A drugą taką radością jest literacka niespodzianka. Bezładne dotąd wątki, ludzie snujący się po kolejnych stronach zbierają się w sensowną całość, a i sam Nikita, utraciwszy szansę osobistego szczęścia, staje się z wolna człowiekiem czynu. Wyłaniają się ludzie, o których, zdać by się mogło, ani on, ani młoda autorka nie powinni pamiętać: starcy, bohaterowie wojny z III Rzeszą. Ich bohaterstwo – co za paradoks – scementowało radziecki komunizm i uczyniło go tak trwałym. Walczyli za młodu, pomogli, a system wali się akurat wtedy, kiedy przyszła starość. I choć ich geriatryczna krucjata skazana jest na klęskę, jest w niej jakaś piorunująca siła, zdolna obudzić ze snu najbardziej twardogłowych marzycieli.
Snem też Wagon Rosja się kończy, we śnie, zgodnie z jego regułami pojawiają się duchy. Ale te są obecne już wcześniej. Zdaniem Kluczariowej Rosją rządzą widma a ona, najpewniej, podjęła próbę wyliczenia najważniejszych duchów Rosyjskich. Lenin, Stalin, Hitler jako demon zła, ale i car Mikołaj I, dalej, owi starcy walczący za kraj, który w ramach wdzięczności o nich zapomniał (żeby tylko! Wręcz marzy o ich nieistnieniu!), Dostojewski i postacie z jego książek, polityk Limonow, karykaturujący rosyjskie sny narodowo-imperialne, wreszcie, dopiero się zagnieżdżające upiory z importu: Palahniuk, Hakim Bey, nowinki technologiczne. No i Bóg.

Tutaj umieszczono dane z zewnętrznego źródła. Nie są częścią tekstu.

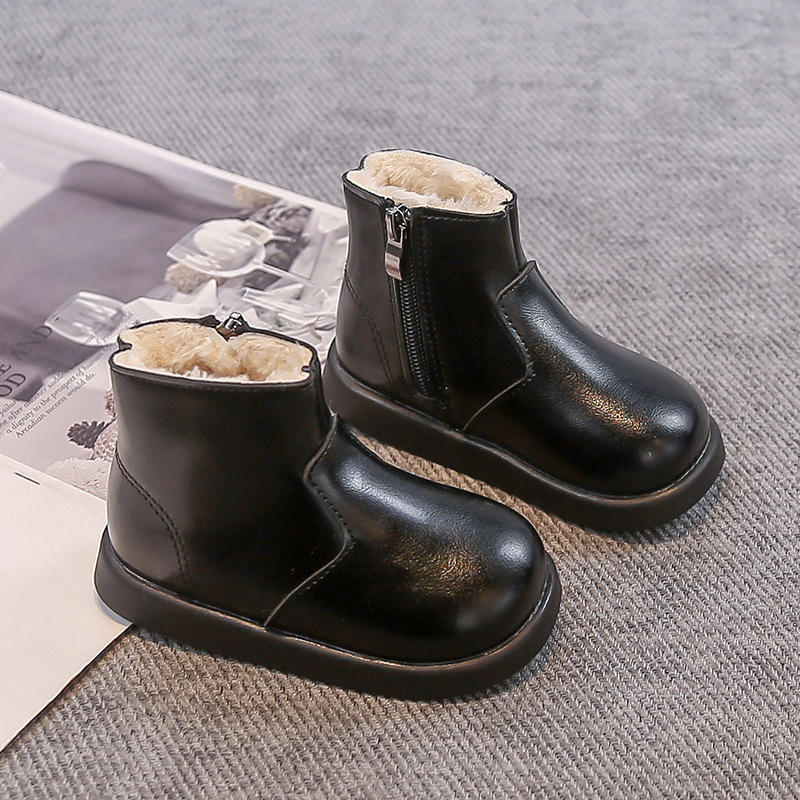 New designer shoes Children s Leather Boots with Fleece Lining Low Cut Small Leather Boots Autumn and Winter New Style Girls Leather Boots Retro Simpl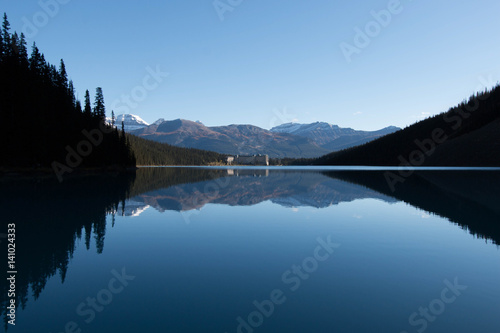 Fototapeta Naklejka Na Ścianę i Meble -  Lake Louise - Rocky Mountains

Są tu fragmenty młodzieńczo wręcz piękne: Jeśli ktoś raz rozbije twoją samotność, nigdy już nie nauczysz się jej z powrotem. To jak z rzucaniem palenia: wcześniej czy później zapalisz. (…) Nie pomaga świadomość, że człowieka, który przebił się do ciebie, już nie ma. Że zmienił się nie do poznania. I że nigdy już nie zdoła wkręcić cię w swoje czary. Nawet, jeżeli będzie chciał. Zresztą, wcale nie chce. takiej oto mądrości dowiaduje się porzucony Nikita i z tego co wiem, rzecz polega na prawdzie.
Nie byłbym sobą, gdybym nie wspomniał, że ta powieść jest typowo młodzieńcza, momentami się sypie, a wyobrażenie rewolucji, opresji państwa itp. wywodzi się raczej z ciepłego snu lewicowej intelektualistki a nie z życia. Rosjanie jednak winni znać się dogłębnie przynajmniej na rewolucjach. Co mi tam! Te rzeczy, które nie uszłyby komu innemu, wybaczam Kluczariowej natychmiast i bez żalu, mam ochotę krzyknąć: pisz jak sobie chcesz, dziewczyno, jesteś świetna!
Jeśli Wagon Rosja jest opowieścią o rozpadzie tego kraju i wszelkich nadziei związanych z mitem Wojny Ojczyźnianej (taką interpretację też można dopuścić), to wydawca dołożył do tego szczególny komentarz edytorski. Powieść Kluczariowej podczas czytania rozleciała mi się w dłoniach.